Menuju konten utama
19 Januari 2013

A. Rafiq, 'Elvis Presley' yang Mengguncang Dangdut Indonesia

A. Rafiq bergaya bak Elvis Presley dan menjadi satu-satunya penggoyang dominasi sang Raja Dangdut Rhoma Irama.

A. Rafiq, 'Elvis Presley' yang Mengguncang Dangdut Indonesia
A. Rafiq. tirto.id/Nauval

tirto.id - “Saat masih muda, saya menjuluki diri saya sebagai Elvis dari Indonesia. Tapi, saya hanya menyanyikan lagu dangdut. Gerakan, tindak-tanduk, penampilan panggung, kostum, semua mirip Elvis,” demikian pengakuan A. Rafiq pada 18 Juli 2005 dalam suatu konferensi pers.

Dalam setiap aksinya, A. Rafiq memang sebisa mungkin bergaya mirip Elvis Presley, bintang rock and roll legendaris dari Amerika Serikat itu. Ke-Elvis-an Rafiq bahkan diakui oleh JW Eroll, penyanyi Indonesia yang memang benar-benar meniru apapun tentang Elvis kala itu.

“Anda adalah Elvis Indonesia yang sesungguhnya, bukan saya!” sebut Eroll kepada A. Rafiq.

Lantas, apa tanggapan A. Rafiq atas pujian tersebut? “Dia (JW Eroll) membawakan semua lagu Elvis. Jadi, dia adalah Elvis Indonesia yang sebenar-benarnya. Tapi, jika saya bukan menyanyikan lagu dangdut, maka saya-lah Elvis Indonesia.”

A. Rafiq bisa saja menjadi Elvis Presley Indonesia, bahkan melebihi JW Eroll. Sebelum terjun ke dunia dangdut, Rafiq kerap menyanyikan lagu rock and roll, jalur musik yang memang ditekuni Presley. Itu terjadi di awal karier Rafiq sebagai musisi pada dekade 1950-an. Kala itu, ia masih remaja dan sangat terobsesi dengan sosok Elvis yang memang sedang jaya-jayanya.

Namun, kala itu A. Rafiq tidak terlalu berani mengumbar diri ke publik bahwa ia senang bergaya dan berdandan seperti Elvis. Presiden Sukarno melarang segala hal yang berbau budaya Barat, termasuk musik yang oleh sang penyambung lidah rakyat itu disebut dengan istilah ngak-ngik-ngok. Terpaksalah mimpi Rafiq menjadi Elvis Indonesia harus ditunda.
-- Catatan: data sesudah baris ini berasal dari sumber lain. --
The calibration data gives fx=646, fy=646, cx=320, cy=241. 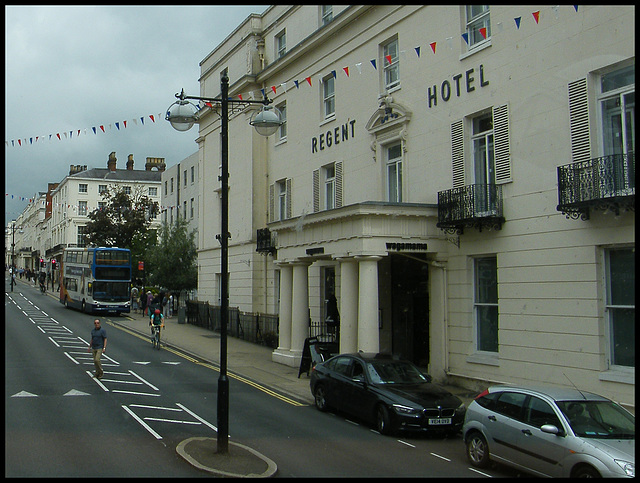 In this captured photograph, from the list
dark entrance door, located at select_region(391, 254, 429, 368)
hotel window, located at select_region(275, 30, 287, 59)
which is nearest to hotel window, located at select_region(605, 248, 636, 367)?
dark entrance door, located at select_region(391, 254, 429, 368)

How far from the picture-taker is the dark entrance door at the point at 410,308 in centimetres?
2128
Bertahun-tahun A. Rafiq menahan diri. Ia mulai mencoba genre musik lain yang sangat jauh berbeda dengan rock and roll meskipun sama-sama bisa bikin pinggul bergoyang, dangdut. Karakternya yang enerjik lagi ekspresif tentunya terlihat aneh jika ia menjadi penyanyi pop.

Kalau musik rock? Sama saja, itu juga dilarang pemerintah Orde Lama. Lagipula, jenis vokal Rafiq tidak cocok untuk menyanyikan musik cadas nan keras itu. Ia memiliki pita suara yang bisa mengeluarkan alunan merdu meliuk-liuk, sejuk di telinga.

Maka, dangdut-lah yang menjadi pilihan A. Rafiq. Dari kota kelahirannya, Semarang, ia merantau ke timur menuju Surabaya untuk mengadu nasib. Hingga akhirnya, Rafiq bertemu Ellya Khadam, seorang biduanita yang tenar bersama Orkes Melayu (O.M.) Sinar Kemala pada era 1960-an itu.

Ellya Khadam memperkenalkan Rafiq dengan pimpinan O.M. Sinar Kemala, A. Kadir. Orang inilah yang kelak mengubah jalan hidup Rafiq menjadi bintang dangdut terkenal dengan ciri khasnya yang unik. Rafiq akhirnya bergabung dengan Sinar Kemala dan bersama grup itu hijrah ke Jakarta pada 1969.

Di bawah bimbingan A. Kadir dan rekan-rekannya di Sinar Kemala, Rafiq mulai menapak karier cerahnya sebagai calon bintang. Orang ini memang bukan seniman sembarangan. A. Kadir adalah seorang musisi sekaligus pemikir, ia gemar mencoba-coba, meramu berbagai unsur untuk menghasilkan karya yang tidak biasa.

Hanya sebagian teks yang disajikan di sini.